9. Minny Mouse – In the span of one week, Minnesota lost its franchise player (Adrian Peterson), its starting quarterback (Matt Cassel) and its top playmaking tight end (Kyle Rudolph). Unless Teddy Bridgewater is ready to step into the spotlight quickly, with Atlanta, Green Bay and Detroit on the upcoming schedule, the Vikings could go from the no-huddle offense to the no-offense huddle in a hurry.

8. Act Like You’ve Been There, Playah – The Lions have enough problems on defense in their back seven. Apparently channeling his inner Bill Gramatica, who, when wearing a helmet, was a dead ringer for the Great Gazoo from the Flintstones, Stephen Tulloch celebrated a sack of Aaron Rodgers with one of those idiotic sack dances and tore his ACL and is gone for the year. Even when the Lions, they lose.

7. Brady Bunch – In the opener, the Patriots got their doors blown off by Miami, who hasn’t won since. They had their home opener in Boston Sunday and needed a fortunate penalty call in the final minute to keep from going to overtime with the hideous Raiders. Bill Belichick and Tom Brady are both Hall of Famers, but, unless they can ratchet things up in a hurry, they won’t have to worry about delaying vacations in January.

6. Way Too Slim Shady – LeSean McCoy was the first pick in a lot of fantasy drafts.

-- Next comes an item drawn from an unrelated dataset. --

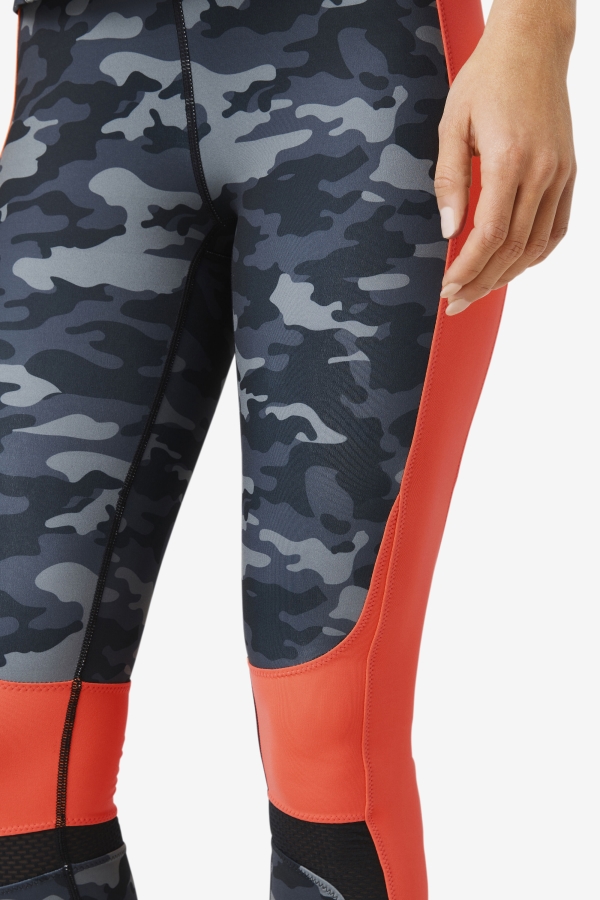 Forza Color Blocked Legging Fila Dark Camo-Coral-Black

While the Eagles have been lighting things up on offense and Shady has touched the ball 70 times, lofty numbers, but has averaged less than three yards a carry, 6.4 yards per reception and has just one touchdown. At least owners have the option of replacing guys like Peterson and Jamaal Charles. With all firepower the Eagles have shown this season, McCoy has been arguably the biggest disappointment.

5. Dark Days In the Flo-Rida – If you live in Florida, you have access to three NFL teams. In Week 3, things couldn’t have been much worse. Tampa Bay embarrassed itself like few teams ever have, allowing eight touchdowns and making their Thursday night game look like non-conference SEC beat-downs. Miami was supposed to truck 0-2 Kansas City, especially without King Jamaal, but got housed by 19 points. Jacksonville gave up 44 to the Colts and are primed to have the No. 1 pick. Their defense has been increasingly bad, allowing 34, 41 and 44 points. Is a Tampa-worthy 56 that far away?

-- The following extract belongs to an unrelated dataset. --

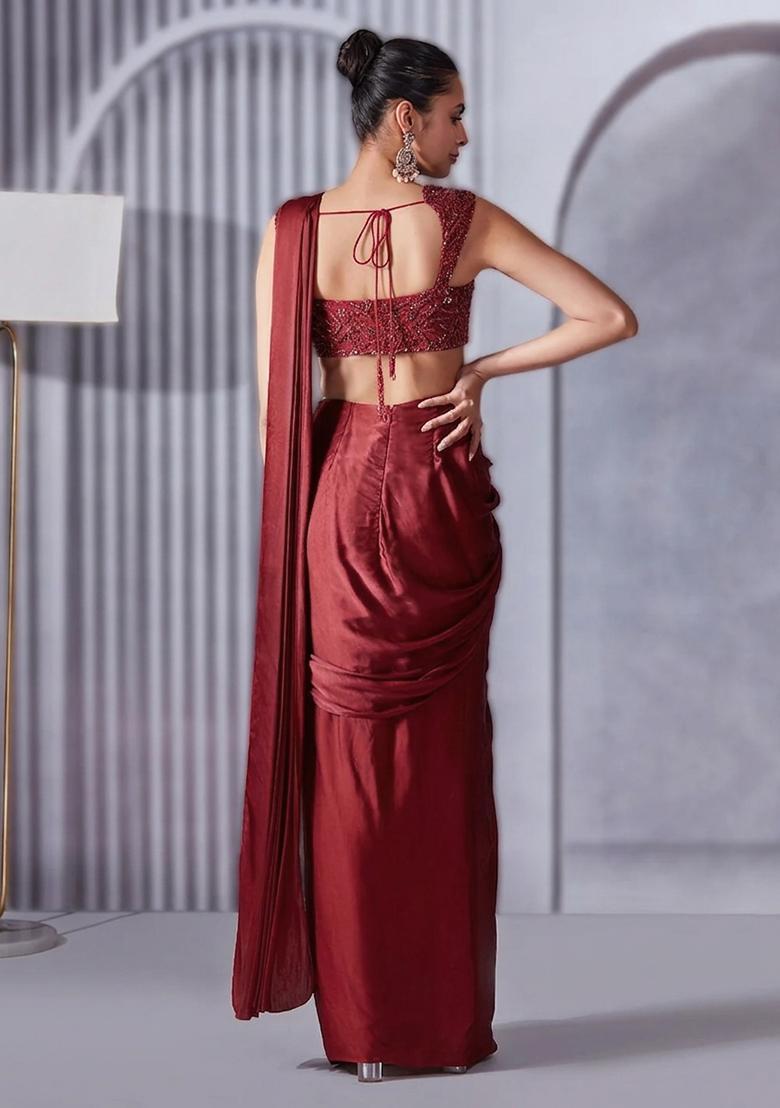 Deep Red Hand Work Embellished Satin Pre Draped Saree Set - Indya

4. That’s Not My Forte, Jack – One thing that makes Matt Forte so valuable is that he almost never leaves the field. Through three games, he has run 42 times and caught 19 passes. In short, Forte type numbers. But, as the Bears offense is as wide open as it has been in a long time, Forte is averaging 3.2 yards a rush and, of his 61 touches, doesn’t have one of 20 yards. Those who invested high in him are starting to question what they’re getting for their investment.

3. Not-So-Hot In Cleveland – It’s sad to say that when the clock hit :00 in all three games played by the Cleveland Browns, they would be 3-0. They lost to division rivals Baltimore and Cincinnati with a kick in flight as the clock hit double-zero. Had the Browns been able to make one defensive stand in those games, not only would Cleveland be 3-0, they would have two division wins and a win over the preseason favorite in the NFC South. Instead, they’re screwed on division tie-breakers and have blown some big opportunities.

2. Whine and Cheese – In two road games this season, the Packers have scored two touchdowns. Ask any Aaron Rodgers owner who is keeping somebody solid on his bench about that. The Packers may well be an outdoor version of the Saints – at home, all money. On the road, enter at your own risk. For as high as four key Packers were taken on draft day – Eddie Lacy, Rodgers, Jordy Nelson and Randall Cobb. If they become part-time lock starters, it could be a long year for Packer owners looking for feast or famine.

1. Runnin’ It Down Your Levi’s – The 49ers were supposed to be itching for a fight with the Seahawks for dominances on the left coast. Instead, they’re fighting it out with the Rams for last. The Niners have been outscored 52-3 in the second half of games and have consistently pissed away leads – they’ve outscored their opponents 59-16 in the first half. Great teams finish games. By that standard, the Niners are not a great team.